Mount command failing on 10.7.5

I have a shell script that mounts an smb share. It works perfectly on all macs with every OS revision except 10.7.5 The offending command is simply:

mount -t smbfs -o nobrowse //test:test@servername/sharename /my/mnt/point

When I attempt this command on a 10.7.5 mac, it fails either with a "broken pipe" or "authentication failed" error. However, it works fine on macs running 10.7.4, 10.6, 10.8 etc.

Can anyone successfully use this command on 10.7.5? Is there any alternative way of achieving this, or troubleshooting exactly why this error is happening? I'm running out of ideas!

Upvotes: 0

Views: 2190

Answers (2)

Armali
Armali

Reputation: 19395

Since feature requests to mark a comment as an answer remain declined, I copy the above solution here.

Thanks for the replies. The problem was two fold: firstly, for some reason you cannot run this command as root in 10.7.5, and secondly you cannot mount outisde of /Volumes. Strangely this seems to work in all other OS revisions. I have worked around this problem by mounting my share in /Volumes and then creating a sym link to the desired mount point:

mkdir -p /Volumes/share 
sudo -u localadminuser mount -t smbfs -o nobrowse //user:pass@server/share /Volumes/share 
ln -s /Volumes/share /location/that/I/prefer/to/mnt 

I hope this helps someone out. No idea why 10.7.5 changes this. – BSUK

Upvotes: 1

Anya Shenanigans
Anya Shenanigans

Reputation: 94849

There are many reasons why the mount will not work. Some of the reasons include:

  • Time between server and client being too different
  • Workgroup name not specified on the mac
  • Local hostname uses non-latin characters
  • Encryption is too strict between the mac and the server

To solve the time; set the time.

I've seen broken pipe/authentication errors most often when you don't use a workgroup name for the connection. A connection string looking like generally works better than one without any workgroup:

//WORKGROUP;user:[email protected]/Share

... assuming that the 50000 is the password for the user user should allow the connection. Generally, you just need to have a string before the semi-colon, it can read anything; it just needs to be there.

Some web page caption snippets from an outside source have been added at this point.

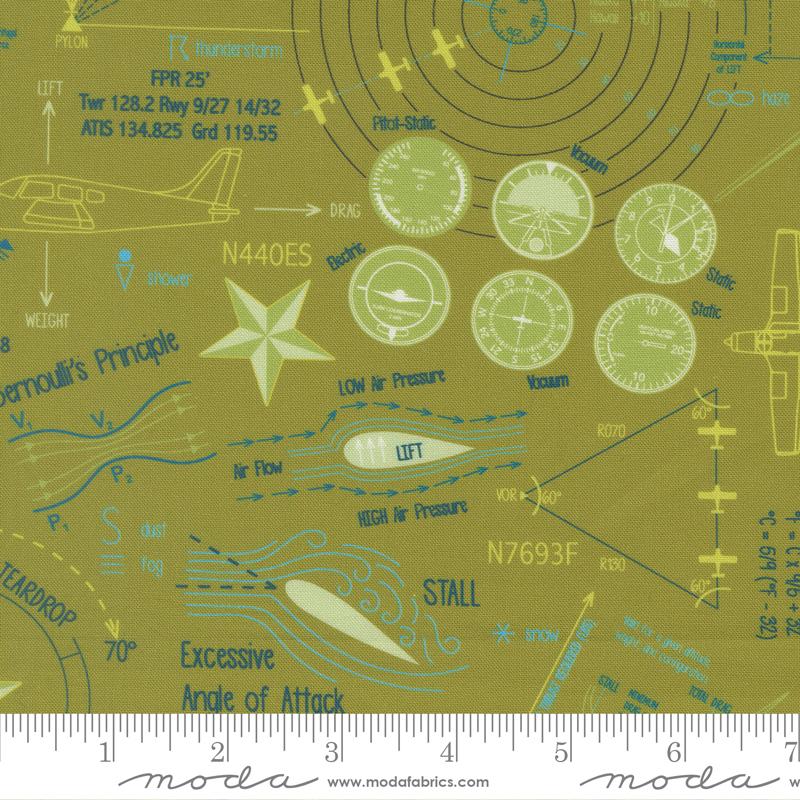 High Flight Diagram Grass - Quilt Fabric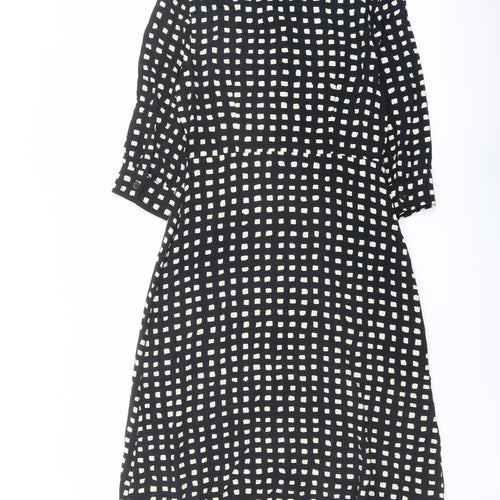 Warehouse Womens Black Geometric Viscose Shirt Dress Size 12 V-Neck Button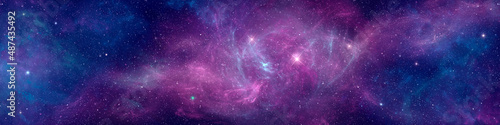 Fotobehang Nebula and stars in night sky web banner. Space background.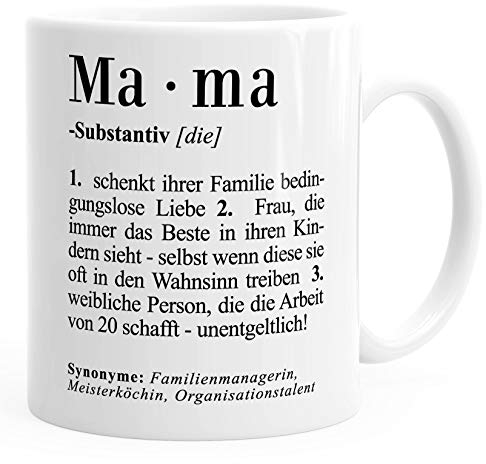 Kaffee-Tasse Mama Definition Dictionary Wörterbuch Duden Geschenk für Mama Mutter MoonWorks® Mama weiß unisize
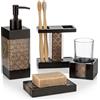 Creative Scents Set completo di accessori da bagno in bronzo, set di accessori decorativi per il bagno, set da 4 pezzi include: dispenser di sapone, portaspazzolino, bicchiere e portasapone (Dahlia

To solve the local hostname issue click on an interface, choose advanced go to the WINS tab and make sure that the name doesn't have any foreign characters there.

If the encryption is too strict, you will need to edit the nsmb.conf. I have a set of lines looking like:

[server1]
minauth=none

for an ancient BSD server which cannot deal with encrypted passwords. You can have this in either an /etc/nsmb.conf or ~/Library/Preferences/nsmb.conf file.

This may not address your issue, but it may help you in trying to proceed.

Unfortunately, saying it works on box x and not on box y doesn't really help, as there could be any arbitrary configuration difference between them.